Publicado em 1967, Quarup é o
livro mais famoso de Antônio Callado. Romance pós-moderno recicla narrativas
míticas e históricas, e fontes temáticas que construíram a imagem negativa do
país como uma nação de preguiçosos, doentes, e ao mesmo tempo elabora uma
imagem otimista de constante invenção do Brasil. Este romance dos anos 60
emerge como voz do Terceiro Mundo - a fala simbólica do pós-colonizado -
liberação de energias, cintilações de otimismo e frustração diante do novo
cenário que se desenrolava no horizonte.
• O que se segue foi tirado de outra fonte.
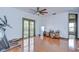 This bonus room offers hardwood floors, natural light, and workout equipment at 9827 Sorbonne Loop, Seffner, FL 33584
Vivia-se o período em que o discurso
pós-colonial se articulava com as falas emancipadoras do Primeiro Mundo - em
que estudantes e intelectuais se revoltavam contra paradigmas teóricos e
políticos anacrônicos.
☼Espaço
Os espaços narrativos são Pernambuco, onde se inicia a ação, Rio de Janeiro, para onde Nando se desloca em busca de ir para o Xingu, e o Xingu esquecido das autoridade, sobretudo Getúlio Vargas, que prometera demarcá-lo.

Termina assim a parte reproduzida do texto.